*** Opening of EXTRACTED RECORDS ***
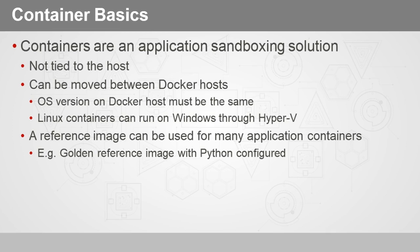Now interestingly, on the topic of moving containers between Docker hosts, you can actually run Linux containers on Windows using what are called Hyper-V containers, which we'll talk about in more detail later. You can also use a reference image that could be used to deploy many containers, and remember a container is just a running version of an image.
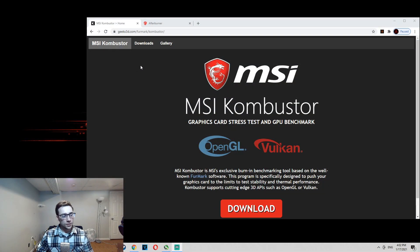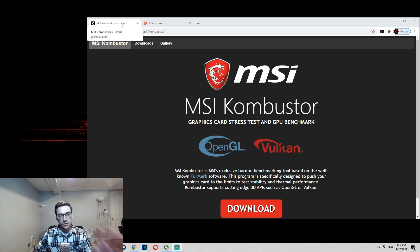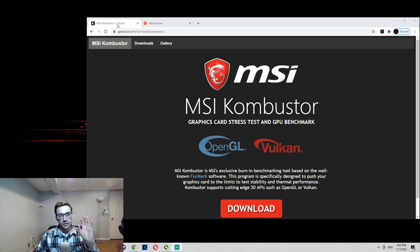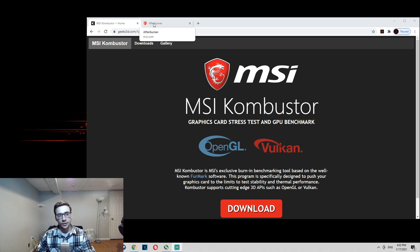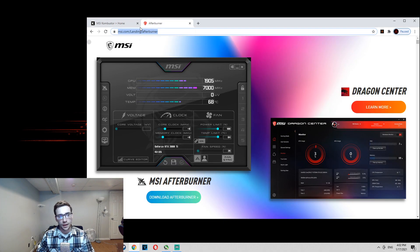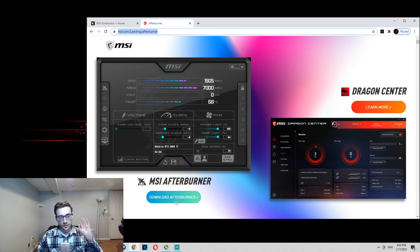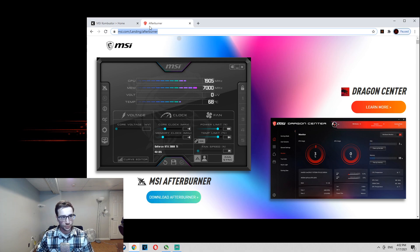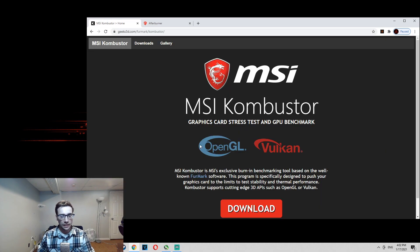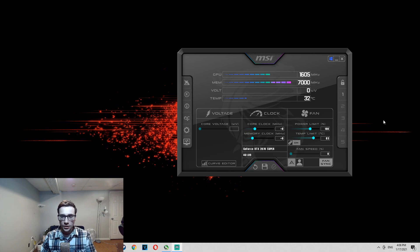So first things first here, we're going to make sure that we download these two programs. You're going to download MSI Combustor, which I'll link down below, and you're going to download MSI Afterburner. Download it to your computer, then download the Combustor.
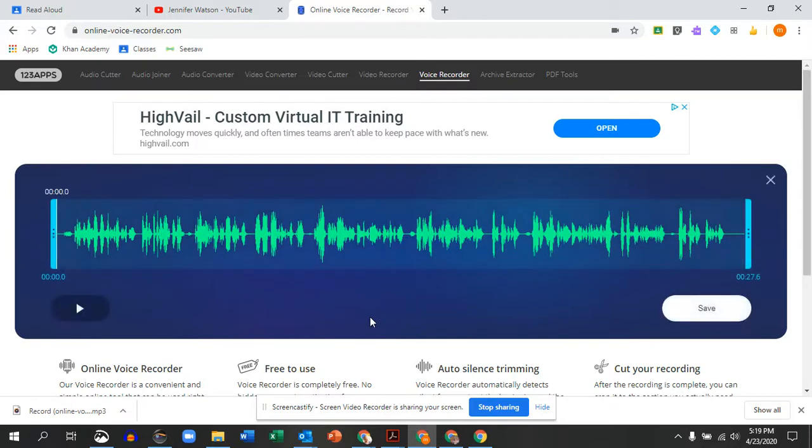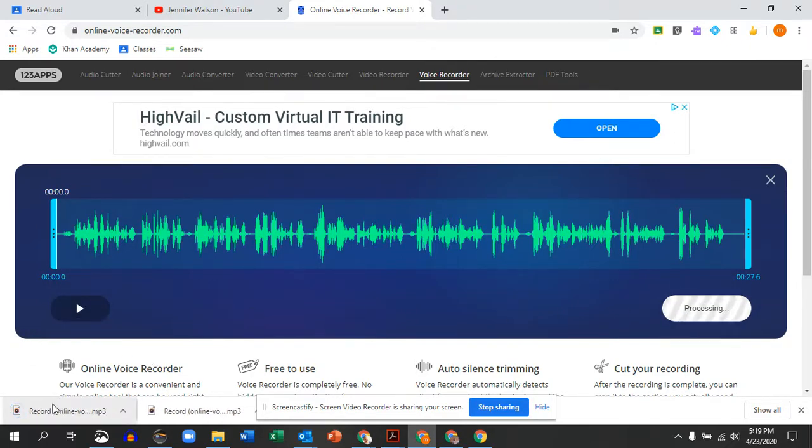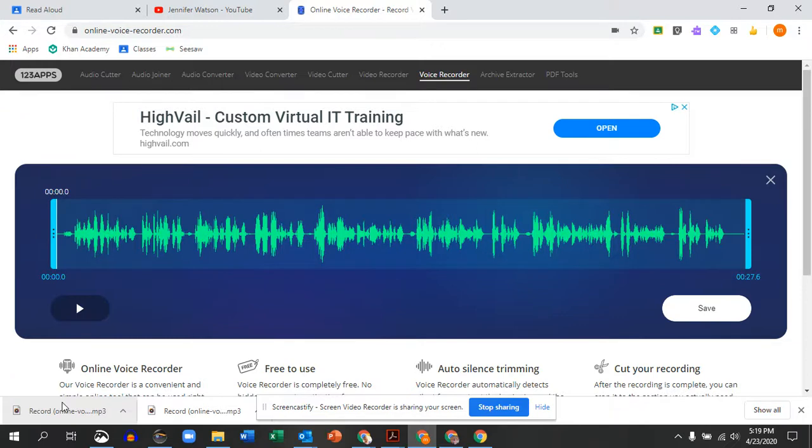Once you stop your recording, it asks you to save it. You can listen to it if you want. Save it and you will see it gets saved right to your computer. How you share this file is slightly different than copying and pasting a link.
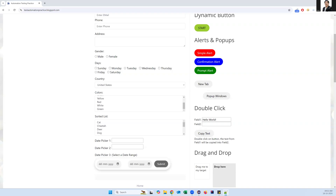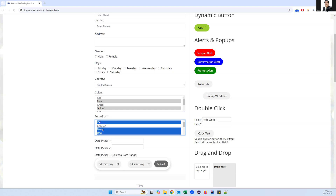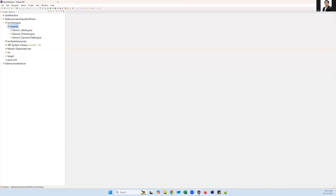Hey everyone, welcome. In today's video I'm going to show you how to verify whether elements in a sorted list are actually sorted or not. Here I have two different multi-select dropdowns. This one is a sorted list with all elements in sorted order by default. We want to verify both - which one is sorted and which one is not sorted.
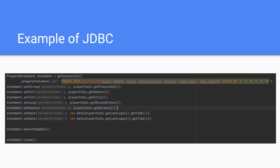Here's an example of JDBC in action. We're creating a prepared statement — a way within JDBC to create a SQL query. This is an insertion query: insert into the player status table with fields UUID, deaths, kills, blocks broken, balance, last login, and last logout. We then pass those values in using statement.setString() and similar methods, execute the statement against the database, and then close it to free up memory. Don't worry if you're not sure what you're looking at — we'll get plenty of hands-on practice.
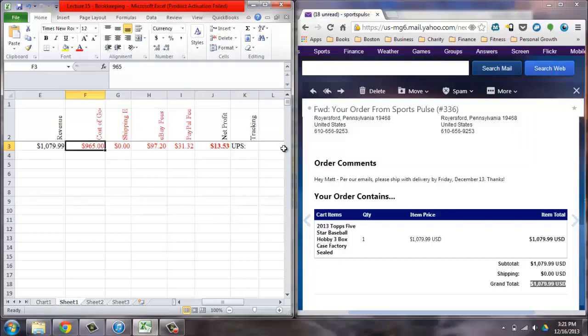You also want to input your tracking number. So upload the tracking number from your customer's order into your Excel spreadsheet to keep track of your shipping history.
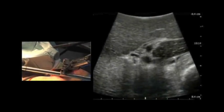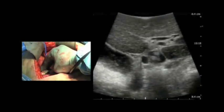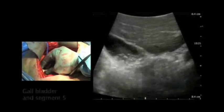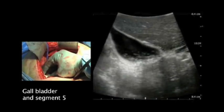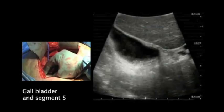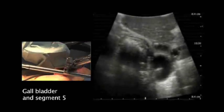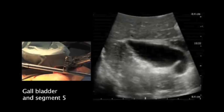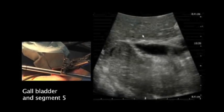When we go more downwards, we will pass the central structures as we are seeing here, and we will also be able to see the gallbladder, which is coming here in segment number four in front of it, and segment number five laterally to it.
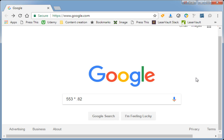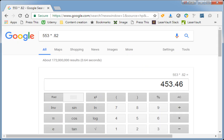We can use Google to do our calculations for us. Here I've multiplied 553 times .82 for 82%, and I'm going to hit the Enter key. Google calculates the results and tells me I'm using 453 gigabytes of disk, which is how big my backup will be on tape.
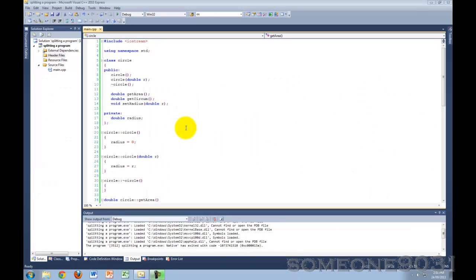Hi, and welcome to another C++ programming tutorial from Sum19031. In this tutorial, I'm going to be teaching you guys how to split your C++ program code into separate code files.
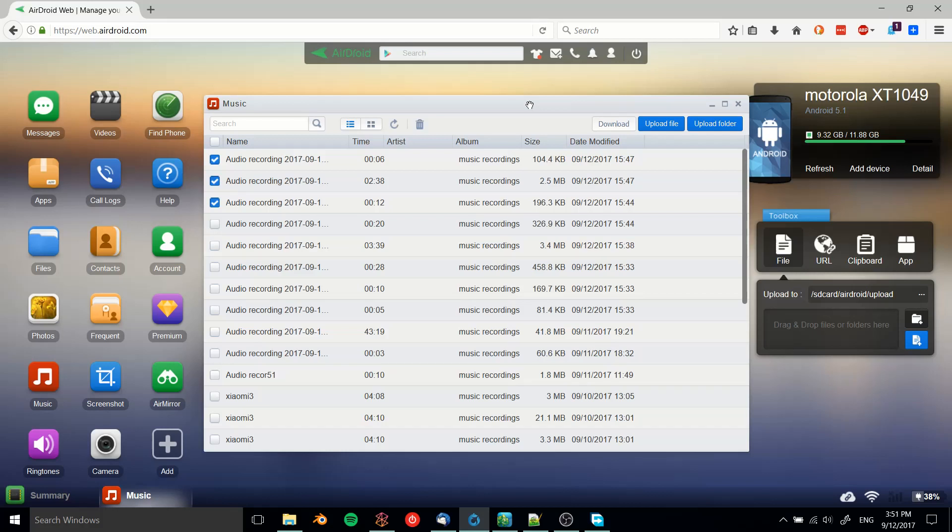it from the Android app store. Then on your PC, once again, you just need to go to web.airdroid.com, log in using the QR code, and you should be able to get those two devices synced up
*** Close of EXTRACTED RECORDS ***
WHAT TO PRODUCE: Word for word, repeat all of the entries above, leaving out the pictures.

SOLUTION TO THIS TASK:
Now interestingly, on the topic of moving containers between Docker hosts, you can actually run Linux containers on Windows using what are called Hyper-V containers, which we'll talk about in more detail later. You can also use a reference image that could be used to deploy many containers, and remember a container is just a running version of an image.
So first things first here, we're going to make sure that we download these two programs. You're going to download MSI Combustor, which I'll link down below, and you're going to download MSI Afterburner. Download it to your computer, then download the Combustor.
Once you stop your recording, it asks you to save it. You can listen to it if you want. Save it and you will see it gets saved right to your computer. How you share this file is slightly different than copying and pasting a link.
Hey everyone, welcome. In today's video I'm going to show you how to verify whether elements in a sorted list are actually sorted or not. Here I have two different multi-select dropdowns. This one is a sorted list with all elements in sorted order by default. We want to verify both - which one is sorted and which one is not sorted.
Here's an example of JDBC in action. We're creating a prepared statement — a way within JDBC to create a SQL query. This is an insertion query: insert into the player status table with fields UUID, deaths, kills, blocks broken, balance, last login, and last logout. We then pass those values in using statement.setString() and similar methods, execute the statement against the database, and then close it to free up memory. Don't worry if you're not sure what you're looking at — we'll get plenty of hands-on practice.
You also want to input your tracking number. So upload the tracking number from your customer's order into your Excel spreadsheet to keep track of your shipping history.
When we go more downwards, we will pass the central structures as we are seeing here, and we will also be able to see the gallbladder, which is coming here in segment number four in front of it, and segment number five laterally to it.
We can use Google to do our calculations for us. Here I've multiplied 553 times .82 for 82%, and I'm going to hit the Enter key. Google calculates the results and tells me I'm using 453 gigabytes of disk, which is how big my backup will be on tape.
Hi, and welcome to another C++ programming tutorial from Sum19031. In this tutorial, I'm going to be teaching you guys how to split your C++ program code into separate code files.
it from the Android app store. Then on your PC, once again, you just need to go to web.airdroid.com, log in using the QR code, and you should be able to get those two devices synced up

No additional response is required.